The answer must be an exact copy of the lines from the one with "上高管道堵塞冒臭气 专业师傅现场解决问题" through the final line below, with no pictures and nothing else.

Collected data:

════════════════════

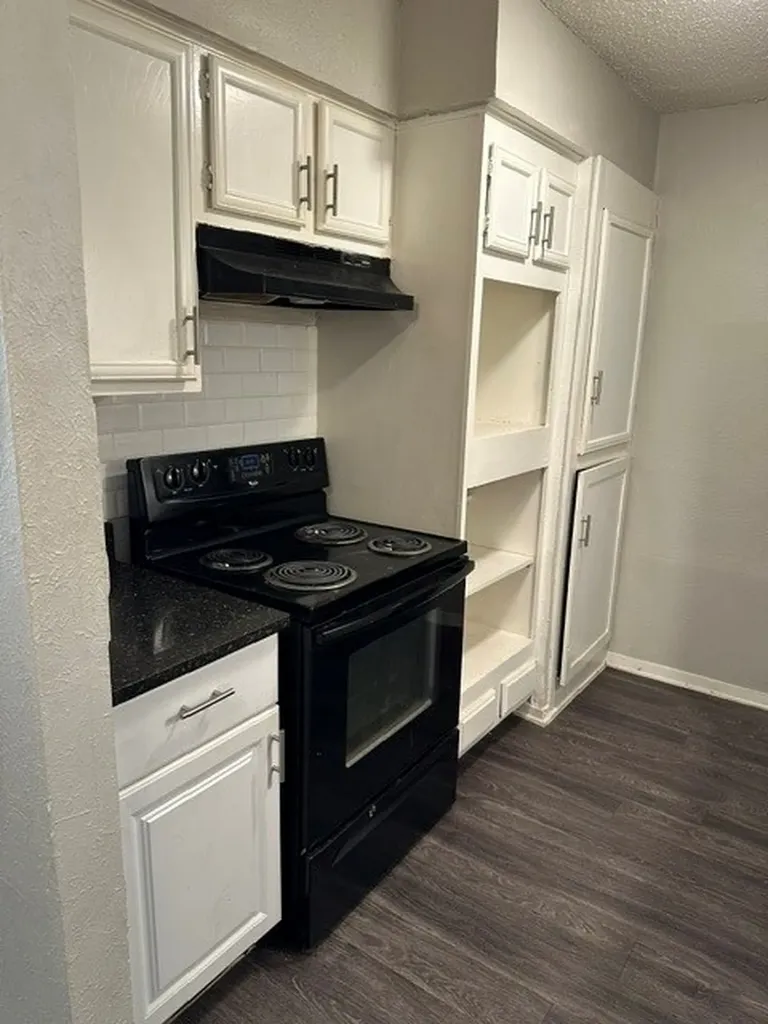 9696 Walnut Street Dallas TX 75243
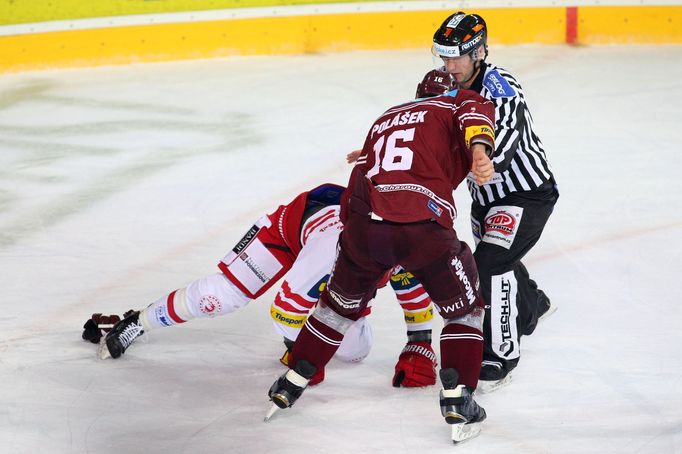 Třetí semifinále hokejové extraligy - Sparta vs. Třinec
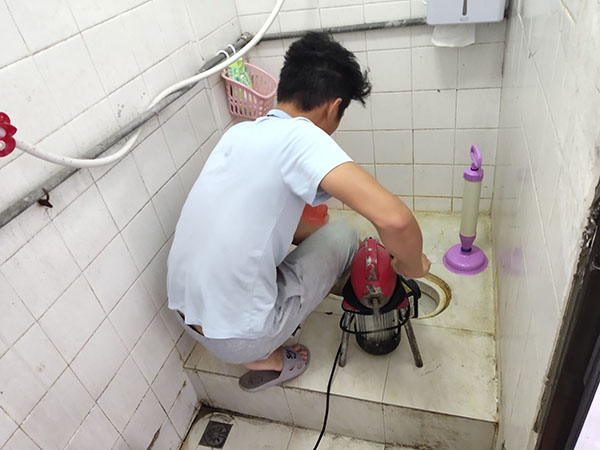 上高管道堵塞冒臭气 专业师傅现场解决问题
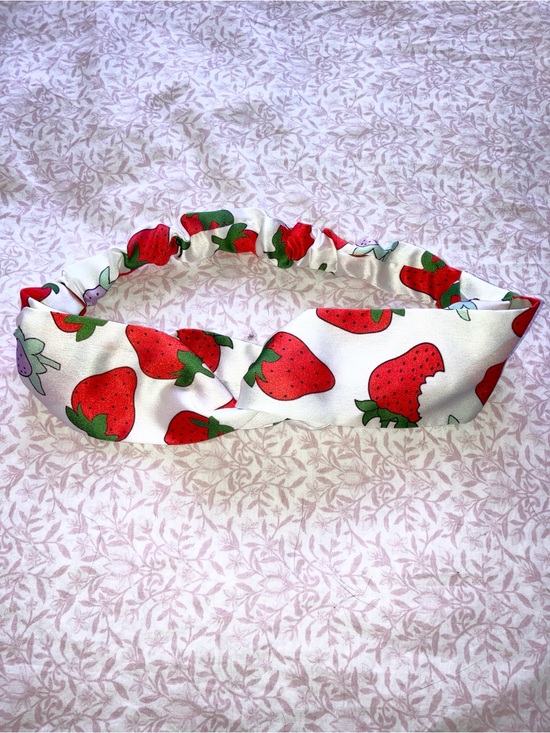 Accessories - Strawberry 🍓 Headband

════════════════════

Reply to the exercise:
 上高管道堵塞冒臭气 专业师傅现场解决问题
 Accessories - Strawberry 🍓 Headband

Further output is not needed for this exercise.